JT: Only by media, but yeah.
AG: What do you think it says about the Liberal party or the culture of Canadian politics that you keep getting asked that question?
JT: I’d actually approach the question from a different angle. What I’m getting an awful lot of is people who seem very pleased that we’re not divided and talking about leadership right now. You can’t open a newspaper without seeing all this speculation about, “will Bob go? Will Bob not go?” The media narrative is very much about leadership, but the conversations here are not.
The conversations we’re having are all about the base taking its place, regardless of who gets to be leader. So it’s not something that we have to worry about. And yes, we’re used to looking at politics at a leadership level. That’s how people take their cues in politics. So the Liberal party is really not used to being in this vacuum where there is no talk of leadership. I think people have a sense that it is a comfortable place to be. It’s nice, after the wars, after all the fighting we’ve had in the Liberal party, to be able to not be all divided about leadership.
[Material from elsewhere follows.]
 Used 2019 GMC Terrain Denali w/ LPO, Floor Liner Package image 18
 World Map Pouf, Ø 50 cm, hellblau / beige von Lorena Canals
AG: So how do you change the discourse? How do you get the leadership question to stop being asked?
JT: You get media to actually do their homework and write actual stories and actually talk about something other than who gets to be at the head of that, or who gets to run this, or who gets to run that. Talking about leadership is a shortcut that has become easy for people to consume what politics is all about. We have 308 Members of Parliament who try to do the best job they can to represent their constituents, but people just talk about the colour of the party and the style of the leader. We need to go a little bit beyond that.